Bottom line is that I would grope the web for spec's on your phone in hopes of identifying the GPS chipset involved. What you particularly want to avoid is a phone that relies on being in range of cell towers for it to get a fix.
Apr 21, 2009 at 11:51 pm #1496070I'm truly impressed by the GPS in the HTC Touch Diamond. It works well under light tree cover and in urban canyons. It uses extra assistance by downloading positions from the net every 3 days if data is available, but even with the phone off it picks up a fix within a minute from cold. Much better than older units such as the handheld garmin's etc.
May 2, 2009 at 11:55 am #1498533I looked at the iPhone but I hate At&T so I went with the Blackberry Storm. It has all the same features but I could keep my Verizon account. :)
May 17, 2009 at 2:05 pm #1501800Benjamin, first of all, once you will go to Eastern Europe or Asia, please be sure, that your mobile phone working with 900/1800Mhz frequency, instead of 850/1900Mhz frequency, as it used in USA.
From my side, I think, that good phone for your trail will be Nokia N82 – it have built in GPS, 5mpx camera,Xenon Flash,Wi-Fi, acceptable standby time as well as other smartphone functionality like radio, MP3 player, SD card support etc.
All Eastern European countries use GSM as well as Mongolia/China have GSM operators also.
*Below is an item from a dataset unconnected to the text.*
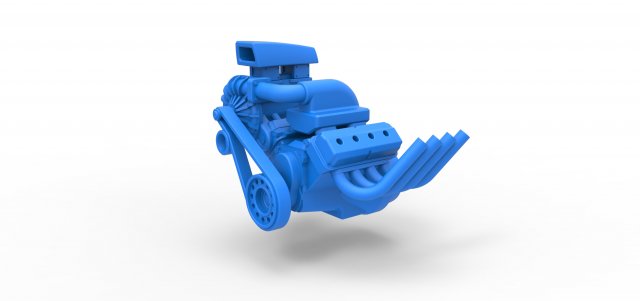 Engine V8 with Centrifugal blower Scale 1 to 25 Modèles 3D en vedette .c4d .max .obj .3ds .fbx .stl .blend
Belarus and Ukraine have 99% coverage as well as Russia/China and Mongolia have worse coverage.
Also, to save your $$ you may consider to buy so-called "Travel-SIM" card. It will allow you to roam over this countries with single phone number as well as having free incoming calls in more then 30 countries as well as cheap international calls. In Ukraine you may get SIM-card virtually everywhere. In Belarus and Russia you will be required to present your passport in order to buy SIM-card.
Hope this will help a bit.May 21, 2009 at 9:57 am #1502757I'm pretty sure if you get a quad-band GSM phone you should be good to go.
Jun 1, 2009 at 2:01 pm #1504978I have the HTC Touch Pro. Its like the HTC Diamond, which was previously mentioned, except it has a physical keyboard. It does everything.